Los varones elegantes de las
clases altas, atrapados entre la moda europea y el clima caribeño, adoptaron
soluciones ingeniosas. Así surgieron marcas como Union suits, prendas de una
pieza en lino o algodón, importadas de
Inglaterra, que cubrían desde el cuello hasta los tobillos.
Debido a los rigores de
nuestro clima tropical y al tejido de paño habitual en los trajes, debían ser
lavadas diariamente por esclavos o criados domésticos.
Los calzoncillos largos, que
aún nos hacen reír en ilustraciones de época, eran de lana (en invierno) y de
algodón (en verano), sujetos al torso por tirantes de seda.

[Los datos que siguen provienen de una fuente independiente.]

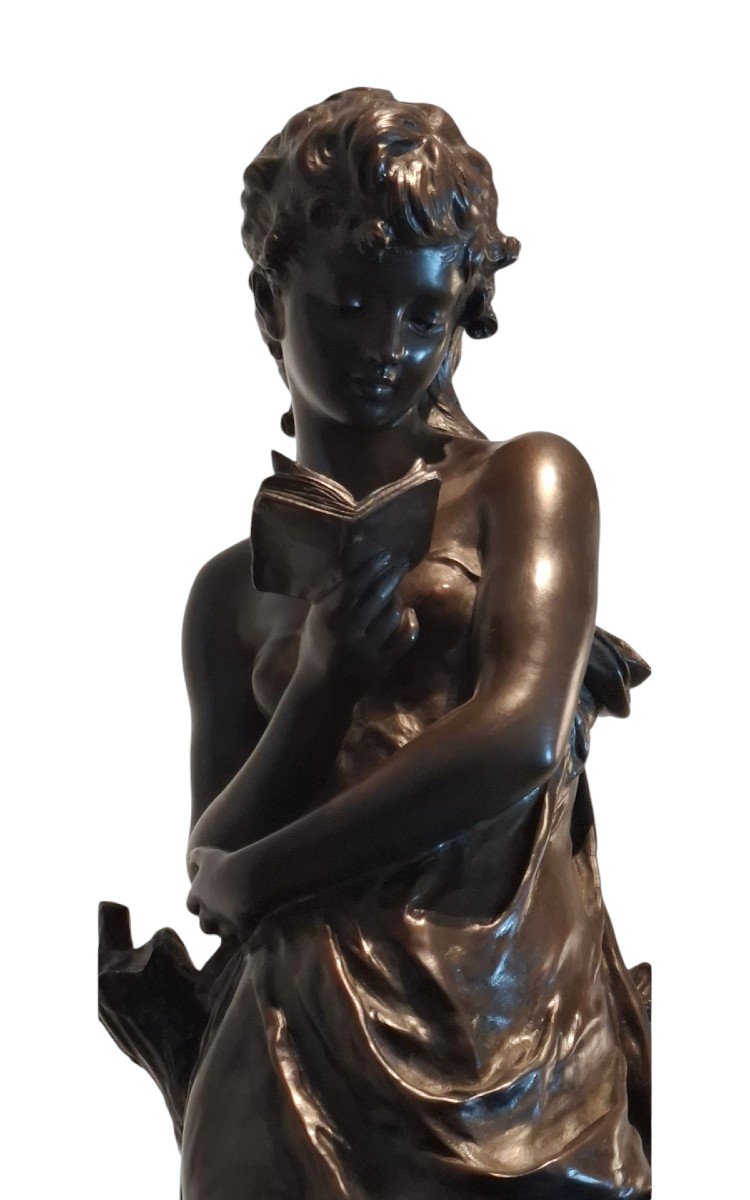 Bronze Of A Young Woman Reading By Hyppolyte Moreau (1832-1926)  -photo-4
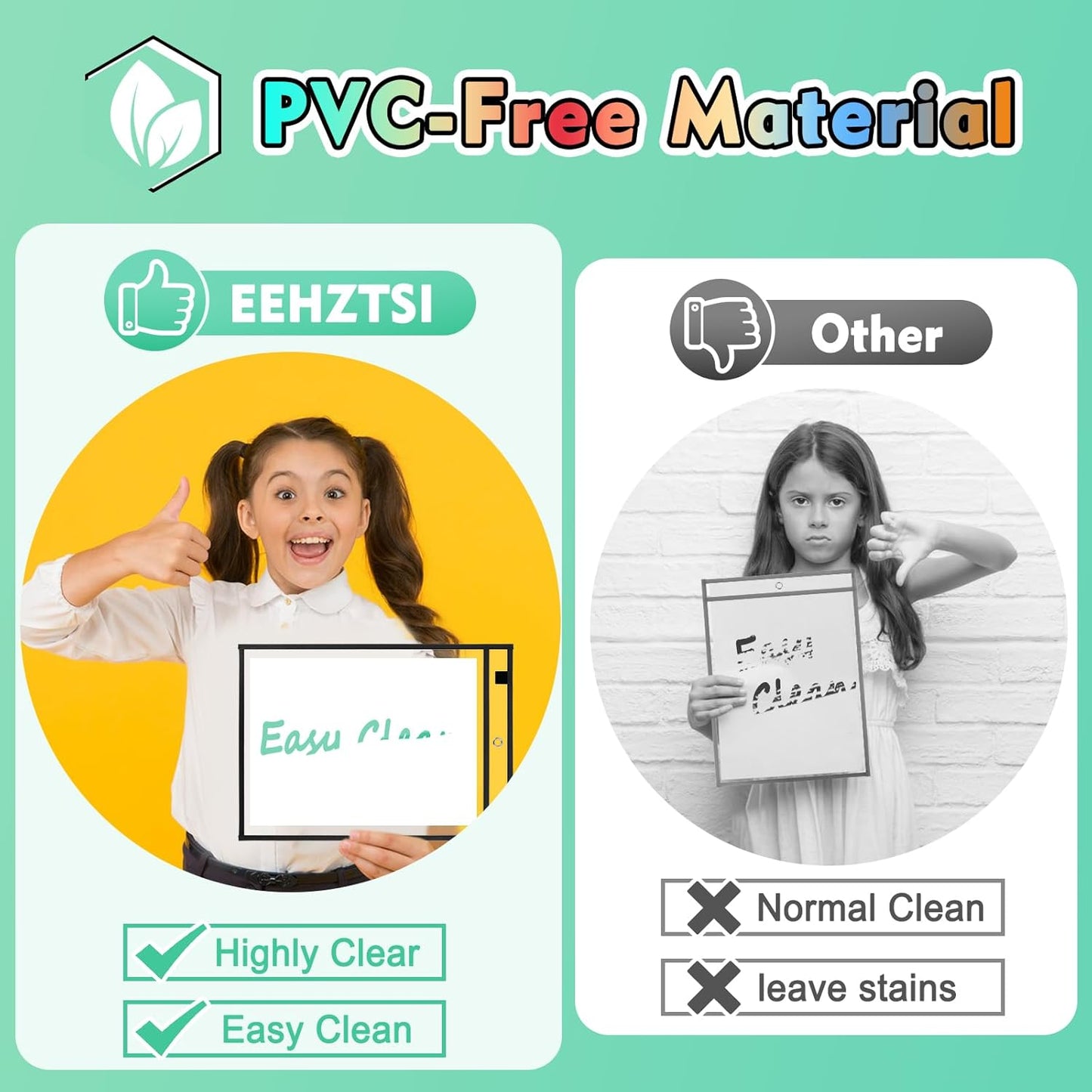 30 Packs Dry Erase Pocket Sleeves with 2-Ring, Reusable Clear Plastic Classroom Sleeves, 10x14 Inch Ticket Holders, Plastic Sleeves for School/Office Organization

Por último, no podían faltar
los pañuelos de bolsillo, Imprescindibles para enjugar el sudor en un medio
social donde se consideraba vulgar oler como un trabajador.
Los caballeros cambiaban de
ropa interior hasta tres veces al día en verano, siguiendo los manuales victorianos de
etiqueta adaptados a Cuba.
Para esclavos, trabajadores y
gente de los barrios pobres, la ropa interior fina era un lujo que no podían
permitirse. Los hombres usaban calzoncillos de manta gruesa, a veces sin más
capas, mientras que las mujeres llevaban bajo la falda enaguas simples de tela
burda, y no usaban corsés, aunque sí fajas para soportar jornadas extenuantes.
Las crónicas de la época
mencionan que muchos esclavos improvisaban con sacos de harina o retazos, una
muestra más de las desigualdades del sistema colonial. Esto ocurrió, sobre
todo, en una época difícil para la sacarocracia, en la que no podían cumplir
con el compromiso de entregar a sus dotaciones de esclavos dos mudas de ropa al año, y muchos de estos llegaron a la difícil situación de tener
que andar semidesnudos.
En recintos como el Palacio de los Capitanes Generales (hoy
Museo de la Ciudad), considerado el memorial de la principal urbe cubana, se
conservan ejemplos de esas prendas, testigos mudos de una era en la cual hasta la
mayor intimidad estaba dictada por el poder y el clima.
Como escribió un viajero
francés en 1830:
“En La Habana, hasta el lino que no se
ve huele a caña de azúcar y ambición.”
Hoy nos reímos, al pensar en la comicidad de una escena en la cual estuviéramos en situación romántica con una pareja y tuviéramos que desvestirnos de lujosas galas para quedar ante sus ojos enamorados con tales prendas que ahora nos parecen ridículas. Pero, si pensamos en cómo crecía exponencialmente la población habanera y con qué rapidez, nos damos cuenta de que para ellos y ellas tal visión resultaba sumamente erótica.